The first time you do this, the VGG model will be compiled to work with CUDA, so expect some delay. Subsequent requests will process within sub-second delays.

The Code

Let's take a look at some of the most important lines.

The endpoints of the webservice are implemented as classes. In the endpoints list, we set up at which URL a certain endpoint will be available. This is standard tornado practice and in fact very similar to Flask.

endpoints = [
    (r"/", Landing),
    (r"/vgg", VGG)
]

In StartService.py we also define a method for initialization of the computation pipeline (that runs the neural net).

def makePipeline():
    """Will be executed from the secondary process. Imports and constructs the computation environment."""
    import Pipeline
    processor = Pipeline.Pipeline("vgg16_weights.h5")
    return processor

The computationBroker from the dualprocessing module will call this on the second thread to create an instance of our computation pipeline.

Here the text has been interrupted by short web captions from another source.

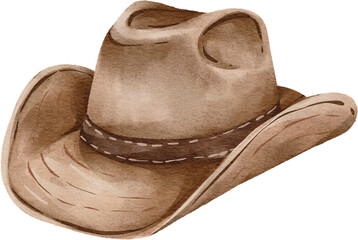 watercolor cowboy hat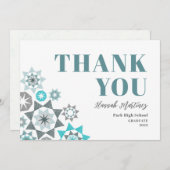 卒業式の手描きシェイプのトロピカーナティール(緑がかった色) サンキューカード (正面/裏面)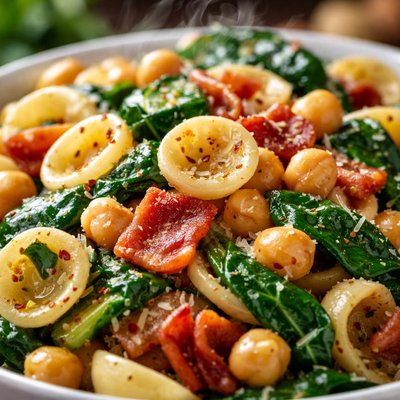 Image of Pasta with Spinach Chickpeas and Bacon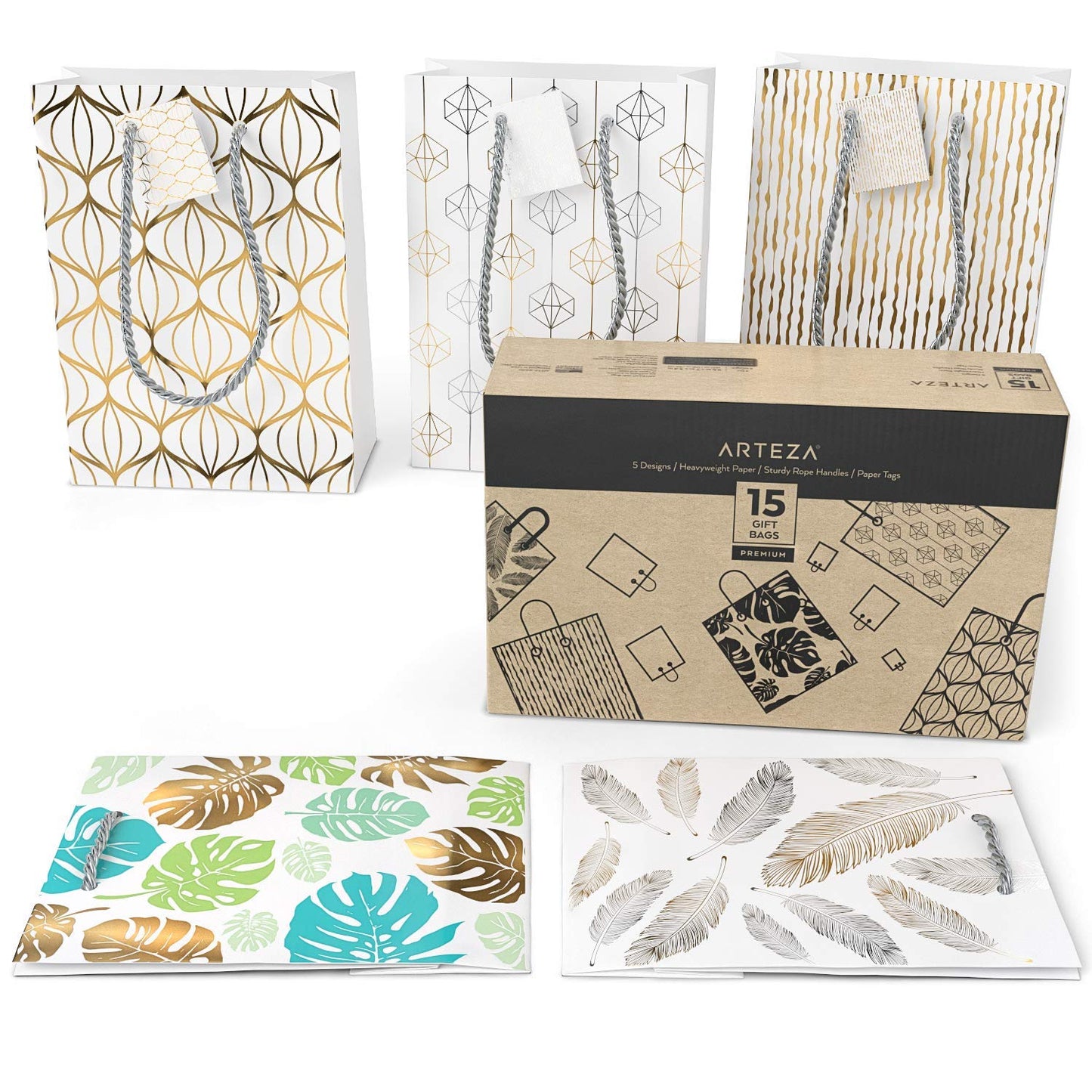 Arteza Gift Bags, White with Assorted Designs - Set of 15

In the VGG endpoint, we accept HTTP GET to serve an HTML template with a simple form. The user can then put a URL into the form and POST it to the /vgg endpoint.

The url parameter is passed to a dualprocessing.AsyncCall object which is submitted to the computationBroker.

class VGG(tornado.web.RequestHandler):
    """POST a URL of an image to this address to run it through VGG-16."""
    def get(self):
        self.render('templates/vgg.html')

    @tornado.gen.coroutine
    def post(self):
        try:
            url = self.get_argument("url", None)
            if (not url):   # take a default image
                url = "https://upload.wikimedia.org/wikipedia/commons/thumb/4/4d/Serpent_roi_bandes_grises_01.JPG/300px-Serpent_roi_bandes_grises_01.JPG"
            call = dualprocessing.AsyncCall("predict", url=url)
            response = yield computationBroker.submit_call_async(call)
            if (response.Success):
                self.write(response.Result)
            else:
                raise response.Error
        except:
            def lastExceptionString():
                exc_type, ex, exc_tb = sys.exc_info()
                fname = os.path.split(exc_tb.tb_frame.f_code.co_filename)[1]
                return "{0} in {1}:{2}".format(ex, fname, exc_tb.tb_lineno)
            exmsg = lastExceptionString()
            logging.critical(exmsg)
            self.write(exmsg)

Pipeline

In Pipeline.py, the model is loaded upon initialization.

Side Note: The GoogleDrive does not allow hotlinking, so you have to download it manually..

class Pipeline(object):
    """Takes care of running computations."""
    def __init__(self, weights_path="vgg16.hdf5", download_from="https://docs.google.com/uc?id=0Bz7KyqmuGsilT0J5dmRCM0ROVHc&export=download"):
        """ ... """
        # load the model
        self.VGG = self.get_vgg(weights_path, download_from)
        return

In the predict method, images are downloaded and fed to the VGG network:

    def predict(self, url):
        ############## Prepare input
        # download the image
        filename = "temp" + os.path.splitext(url)[1]
        urllib.request.urlretrieve(url, filename)
        # load the image
        input = buddy.load_and_preprocess_image(filename, 224, True)
        ############## Predict
        input_batch = numpy.array([input])
        prediction = self.VGG.predict(input_batch)[0]
        ############## Return the ImageNet class label
        predicted_class = numpy.argmax(prediction)
        return buddy.IMAGENET_CLASSES[predicted_class]

Any questions, comments, improvements left? Feel free to open an issue!